With options, what happens is since they have a time value, the simple version of it is the way that they get the price is there’s a lot of underlying value to the contract itself. Plus you have time value, premium and all these good stuff they mash it all together and outcomes this 2 dollars and 30 cents.
And you can see that this 2 dollars and 30 cents are what you pay when you want to buy it. You can sell it for 2.27 and the Beta has spread the 3 cent difference here is what the market makers make.
Try to go here to the little bit lower one or the higher priced one to the strike price of 130. That way you get 1 dollar and 12 cents. But now the probability of this happening goes down. The further out you go, the less probable this will work out.
What does this allow you to do? Well if you buy a call option and within 71 days, it goes past your strike price which is over here. If it goes to 135, it allows you to have the right to buy that stock at the 125 strike price. And that's because that’s the option you’re buying.
You will have the option to buy this stock at 125 even if it’s at 132, 138, 143. It doesn’t matter what price it goes up to; you will have the option to buy it at that higher price. Of course, if you have that option contract at 125.
However, if it doesn’t get there, you lose your money. You lose your investment amount, and at expiration, this can be significant. At closing, you can see here on the lower left how much money. That means if the stock doesn’t move I lose 230 dollars.
And you can see I don’t lose any more than that because I’m buying an option so I’m buying a single option.
In this case, I’m losing money day by day. Now as this continues to move and increase in value, I still lose money every day on a single option contract. Here, how this works is based on your Theta amount. That is the amount you lose every single day that stock stand still.
As I move this day forward (this is hypothetical of course), you can see that my profit loss goes down to 45 dollars within a couple of weeks here. As I continue to do this, it continues to increase. The losses continue to grow.
And not to mention my day loss per day losing 3 dollars per day continues to increase as well. It remains to increase 3 dollars and 60 cents, 3 dollars and 80 cents. It continues to grow and, if it’s up here, it raises even more because that’s your peak.

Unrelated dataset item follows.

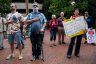 People attend a rally against critical race theory being taught in schools.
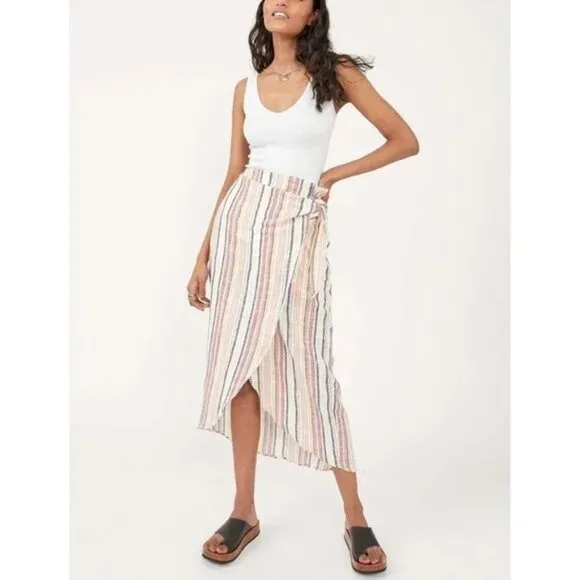 NEW free people aubrey sarong skirt 🤍 8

This is not the area you want to be in when you’re losing money. It’s better when you’re at here at the top or even down here, but at this point, you’re already losing quite a handful of cash.
You can see that because this is at this apex point is where you have the most you’re losing per day. Here you’re losing 6 dollars per day.
If you continue doing this, you can see that I shift that stock up until July I’m losing 6 dollars per day. And now it gets up to even 15 dollars per day, and now here I’m at a 115 dollar loss.
I need this stock to move that even though I’m buying the call at 125, I need it to pass 127.30. The main reason is that that’s my breakeven point at expiration.
A couple of quick notes, if this stock moves within a day, two days, five days, or a week, it doesn’t matter pass this 125 level since you will lose a little bit of money. A couple of dollars in Theta but you’re up here. You can sell it at any point or anytime you want, and you would get 494 dollars where the white line is.
The white line is the current time, the current date based on what I have shifted here. If it were today which is May 5, if it were today it’d be $520. If it’s at expiration you look at this green line and you look at this lower box, it would only be a $157.
That’s what happens is that as I continue to shift. You’ll notice this profit and loss over here start going down, so you’re losing money. This is how Theta works, and it works based on a steepness acceleration curve.
The closer you get to your day or time (let's say you’re 43 days out or 15 days out) that Theta starts to accelerate faster and faster.
Theta Option curve
If you go ahead and search for the Theta options curve, you’ll be able to see how this decay starts to work and accelerate. What happens is that this curve begins to kick in.
And here’s a base example where you can see that in this chart. You have 120 days, so here you have 120 days to go until the option. You slowly start that small decay, but then it continues to accelerate 60 to 30 days slightly and kick in less than 30 days.
If you’re a buyer of options, you don’t want to be in the 30 days or less time frame because it starts to accelerate quickly. You can see these curves they’re a little bit different, but as you play more with options, you’ll get the hang of it and how it works.
Typically, for most people, buying options is a waste. It’s a waste in the sense that they don’t understand how this Theta works and they keep losing money. They don’t know why they keep losing money. And if you didn’t know this is the reason why you’re losing money.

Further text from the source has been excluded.